Similarly, the Collie Battery Energy Storage System, run by state utility Synergy, will be one of the world’s largest battery systems. It will provide 500 megawatts of power with 2,000 megawatt hours of storage to the South West Interconnected System, which can power 785,000 average homes for four hours. Liz Baggetta, Synergy’s head of transition, said it offers a “great opportunity” to the company’s employees, with some already working on the project as part of their individual transition plans.
The town is pinning even greater hopes on Green Steel WA, another cornerstone of Collie’s economic diversification strategy. The company plans to build a 450,000-metric-tonne electric arc furnace, powered by renewable energy. The facility will recycle scrap steel into low-emission products, with the potential to cut 800,000 tonnes of CO2 annually compared to traditional steelmaking. The company is hoping to generate around 220 direct jobs in Collie, and hundreds more in supporting roles.


Tailored plans for workers
The final piece in Collie’s transition puzzle is its retraining programme. In 2022, the government announced a training support package that would expand the existing Collie Jobs and Skills Centre (JSC) to deliver a facility situated – very deliberately – in the middle of the high street to provide tailored career and training assistance to residents.
“We can’t train everyone at once – new industries are still evolving,” explained JSC manager Nat Cook. “So we adapt to meet changing needs, offering everything from resume writing to on-site consultations.”
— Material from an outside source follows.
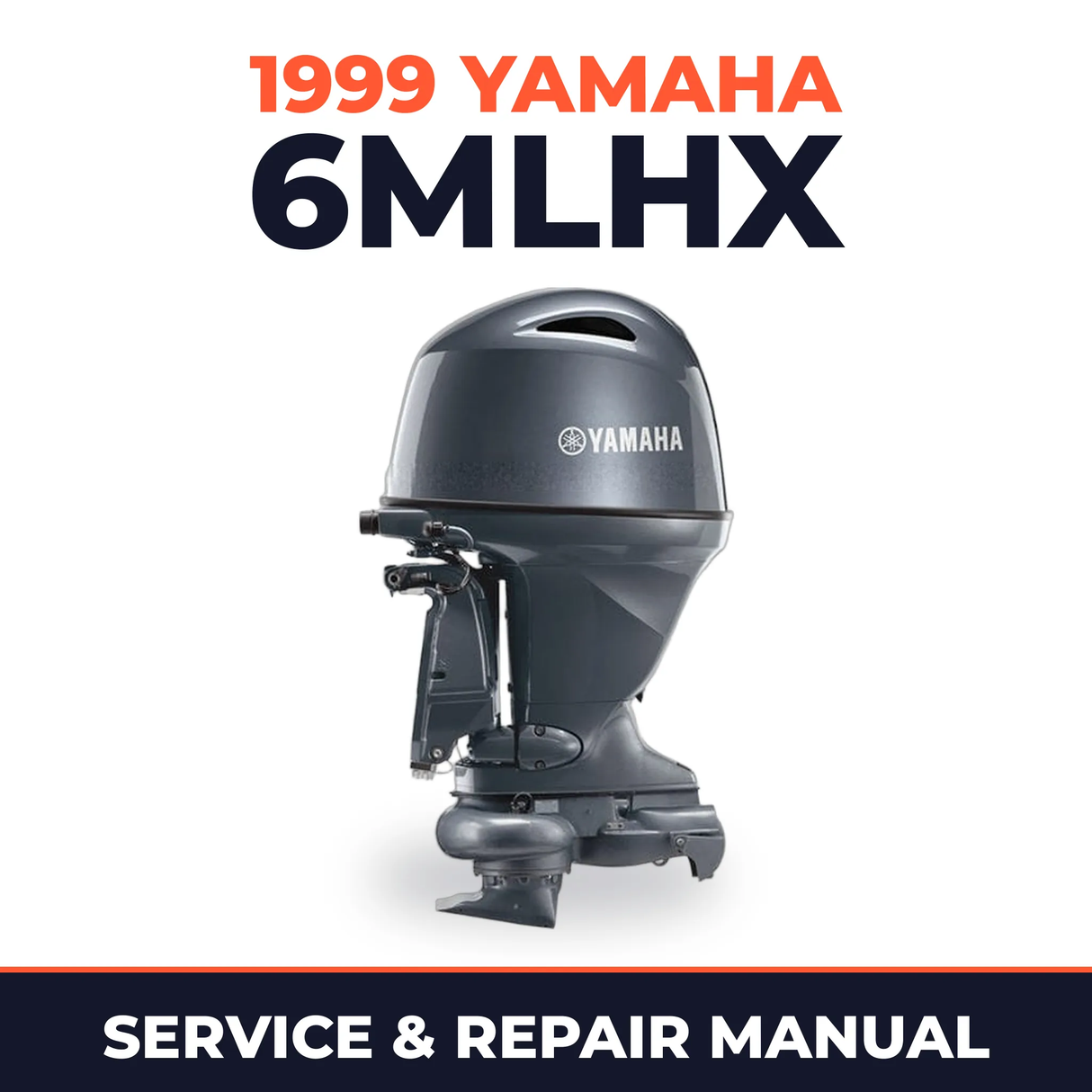 1999 Yamaha 6MLHX 2 stroke Service and Repair Manual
Separately, Synergy has set up a Workforce Transition Program to provide individualised pathways for workers affected by the closure of the Muja and Collie power stations, offering retraining, redeployment, voluntary redundancy or retirement. “When the closure announcements were made, we spent six months listening to workers to understand their concerns and goals,” explained Baggetta, who heads up the programme. Based on these conversations, Synergy developed tailored plans to help employees navigate their futures.
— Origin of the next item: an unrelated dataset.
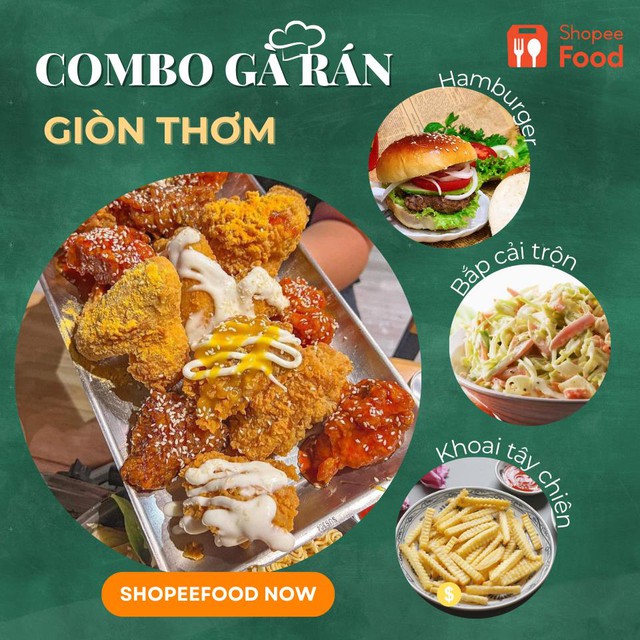 Tưng bừng mừng năm học mới, ShopeeFood mang cả b&agrave;n tiệc về tận nh&agrave; bạn - Ảnh 2.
And while Collie’s transition is still in its infancy, these efforts are starting to bear fruit. Maintenance workers at Griffin Coal have received a 43% pay rise, paid-time training, a 25% uplift to their redundancies, a A$30,000 retention package and the establishment of ‘work councils’. Similarly, Synergy workers have agreed wage increases of inflation plus 1.5% guaranteed until 2029, paid-time training and a three-month uplift to their redundancies.
“Just transition should change people’s lives right now, not sometime in the future; that is how you start to make the connection in a worker’s mind between climate action and their life changing for the better,” said Darcy Gunning, AMWU’s campaigns organiser.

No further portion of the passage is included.